Да и как не смириться? Ведь Анфиса Ниловна – это сила, и притом сознающая сама себя силою. Она «спорить голосиста», ибо уверена в том, что не в пустом пространстве исчезнет ее голос, что перед этим голосом смирится даже Фамусов, что она имеет право назвать трехсаженным удальцом даже полковника Скалозуба.

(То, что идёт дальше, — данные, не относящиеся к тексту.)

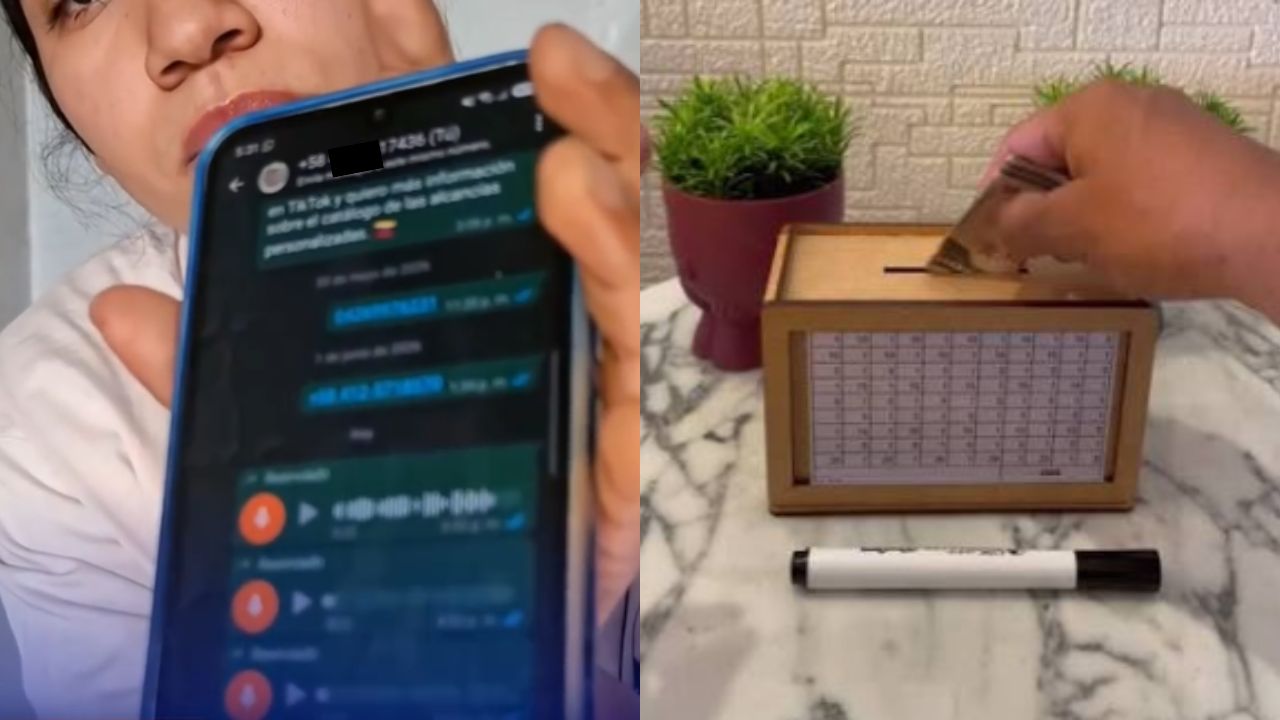Imagen de 'Pensó que venía con el dinero': cliente amenaza a comerciante por 'alcancía vacía'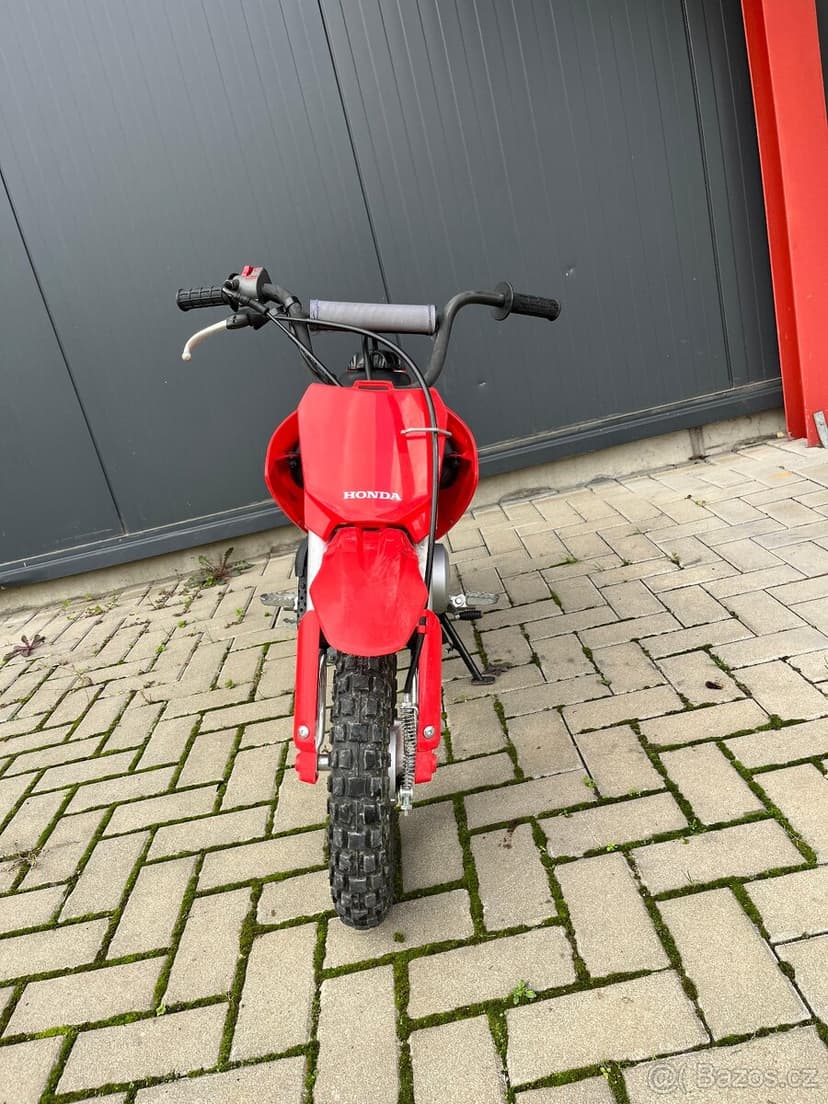 Honda CRF 50 F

Ведь она, эта Анфиса Ниловна, – Москва, вся Москва; она своего рода «мужик-горлан»; она в иных случаях, пожалуй, оппозиция, хотя, конечно, оппозиция такого же свойства, какую рисует Фамусов, рассказывая с умилением о старичках, которые
Прямые канцлеры в отставке по уму… –
и с убеждением заключая свой рассказ словами:
Я вам скажу: знать, время не приспело,
Но что без них не обойдется дело…
Как же не смириться перед Анфисой Ниловной им всем, пустым крикунам, которым Чацкий говорит:
Шумите вы – и только!
Ведь Анфиса Ниловна всех их знает насквозь и, я думаю, в состоянии даже и отпетому сорванцу читать наставления.
Что же, спрашивается, остается делать человеку, если он не разбит и не подорван, как Гамлет, если в нем кипят силы, если он человек, в этой темной среде? Ведь это мифические острова, на которых растет «трын-трава»; ведь тут заправляет жизнью Анфиса Ниловна, тут женщина видит свой идеал в Молчалине, тут Загорецкий является совершенно смело и свободно, тут Фамусов на мах подписывает бумаги!..
Темный, грязный мир тины, в котором герой или гибнет трагически, или попадает в комическое положение!
Покойный Добролюбов окрестил именем «темного царства» мир, изображаемый Островским. Но собственно темный мир, т. е. мир без света, без нравственных корней, Островский изображает только в одной из своих драм – в «Доходном месте». Перед каким-то всеми признаваемым, хотя и темным нравственным началом смиряется в трагическую минуту Бельтов; какие-то начала восстановляет пьяница Любим; каким-то началам подчиняется страсть в Мите и Любови Гордеевне; перед какими-то началами отрезвляется – положим, хоть до новой Груши и до новой Масленицы – Петр Ильич: ведь даже Дикого можно прошибить этими общими для всех, хоть и формально только общими началами. Но чем вы прошибете теорию комфорта Кукушкиной? Чем вы прошибете спокойствие души Юсова? Чем вы прошибете глубокое безверие Вышневского?..[40] Одним только: «колесом фортуны»!.. Тень Чацкого (это одно из высоких вдохновений Островского) проходит перед нами в воспоминаниях Вышневского о Любимове, и жалко перед этой тенью ее обмелевшее отражение – Жадов[41].